Es ist schön, dass Teddy wieder so munter spielen mag; das Hormonelle ist auch ein absoluter Spaßkiller und ein elend kraftzehrendes Geschäft.
Wenn du Teddy richtig auspowerst, wird es auch keine großen Probleme mit Gewichtszunahme geben, und ein bisschen Speck auf den Rippen kann jeder Kater gebrauchen - für den Fall, dass das Tierchen doch einmal krank wird.
Ich rede nicht von Übergewicht, sondern vom Normalgewicht. Also nicht extrem schlank, sondern der normale Standard für einen Sechsjährigen. :)

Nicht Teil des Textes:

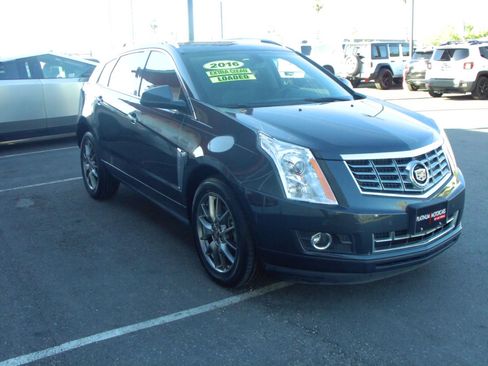 Used 2016 Cadillac SRX Performance w/ Midnight Edition Package FWD image 4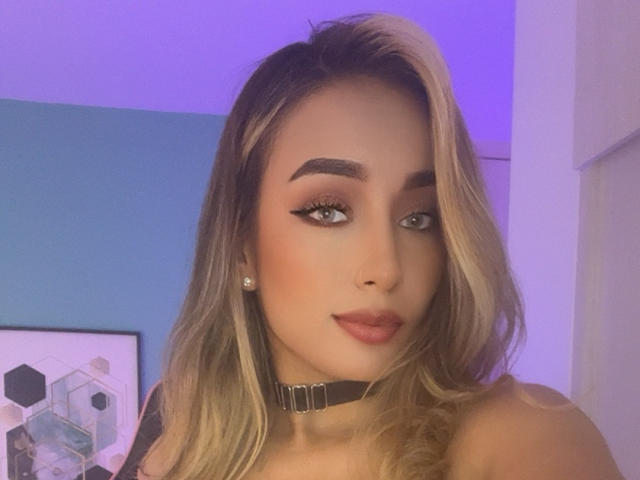 DianaHopson - Live sex cam - 24189117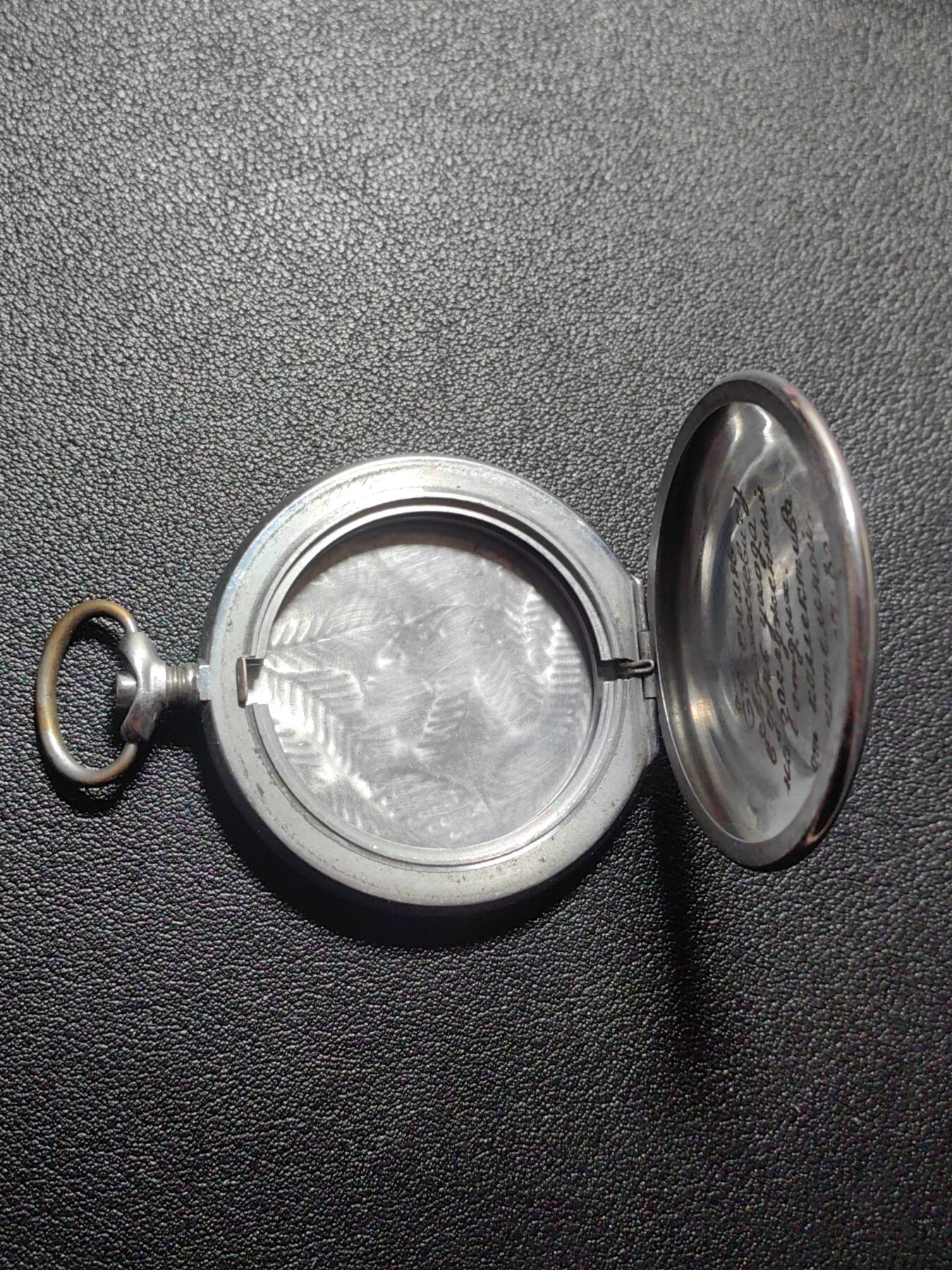 靖甫拍卖第六场 苏联表壳子 刻了铭文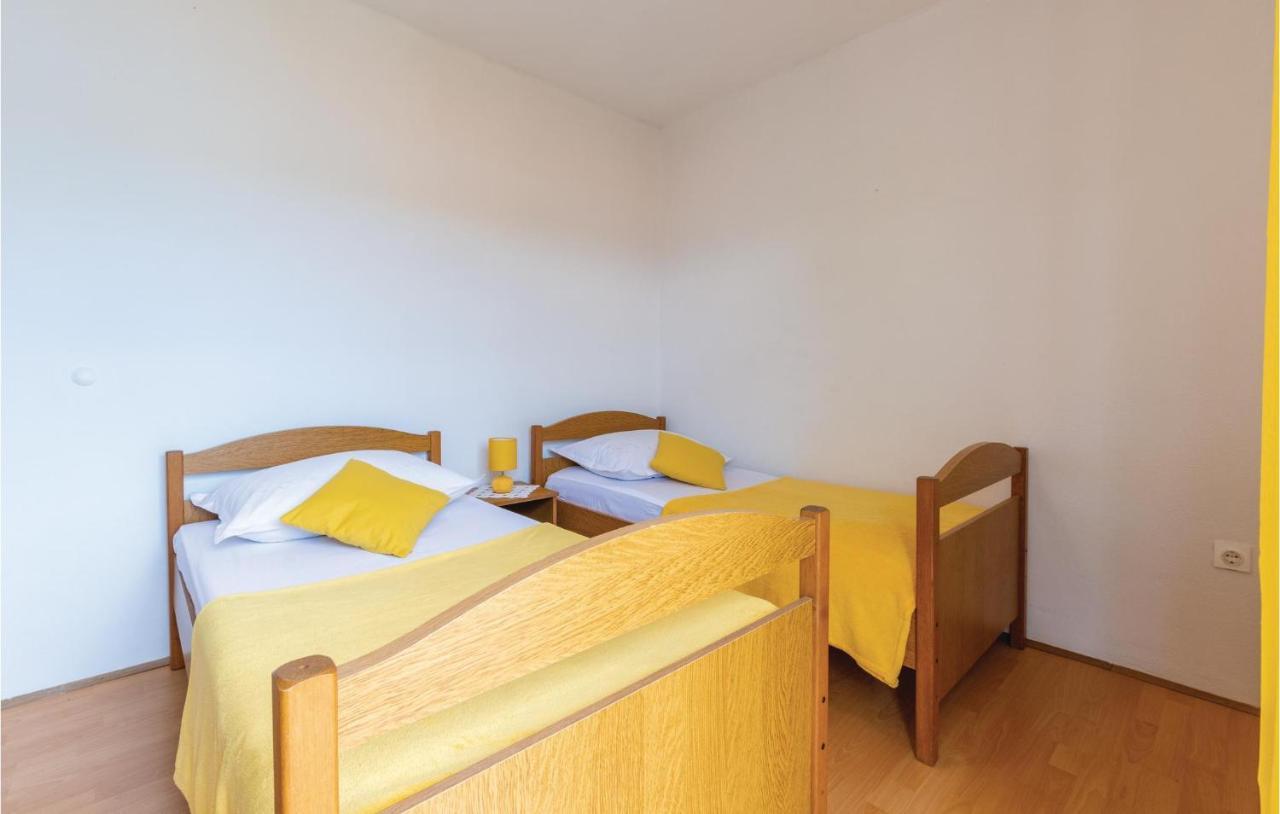 Cozy Apartment In Okrug Donji With Kitchen Округ-Доньи Экстерьер фото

Weiter alles Gute für Teddy und euch! :)
 
Auch von mir ein herzliches Willkommen und ein großes DANKESCHÖN für diesen Bericht. Nicht immer geht alles glatt und ihr habt ja eine gewaltig zerklüftete Küste überwunden, meinen Respekt für deine Ausdauer.

Liebe Grüße
 
Vielen Dank für diesen Bericht,
Bei unserem Kater war es jetzt ähnlich...er wurde im August "kastriert". Ein Teil konnte komplett entfernt werden...der andere war wohl noch im Bauchraum, dadurch hatte er zusätzlich einen Bauchschnitt. Eigentlich unmittelbar nach der Kastration fing es an...gab Urin ab...es hieß Blasenentzündung. Trotz Antibiotika gabe wurde es danach nicht besser. Erneut Urin abgegeben...könnten Kristalle drin sein oder verunreinigt...zuletzt wurde eine Punktion durchgeführt und eine "Kultur" angelegt.
Die Pinkelei hörte nicht auf.
Ich war so sehr verzweifelt. Dann sollte Solensia verabreicht werden. Durch meine Erläuterung seines Verhaltens und seinen Geruch hieß es wir machen einen Testosteron Test! Heute bekam ich das Ergebnis...da scheint wohl doch nicht alles entfernt worden zu sein. Die Ärztin sagte mir, sie müssen auf die Suche gehen, denn auf dem Ultraschall würde man es nicht gut erkennen...naja in 3 Wochen steht die "Nachkastration" an. Diesmal bestehe ich darauf, dass die "Entnahme" eingeschickt wird um sicher zu gehen, dass dieses Mal nichts zurück bleibt.

Vielen, vielen Dank für den Bericht.

LG Maria
 
Hallo @Floki_2023
Weiterhelfen kann ich dir leider nicht.
Allerdings würde ich dir empfehlen das du einen eigenen Thread für deinen Floki (?) aufmachst.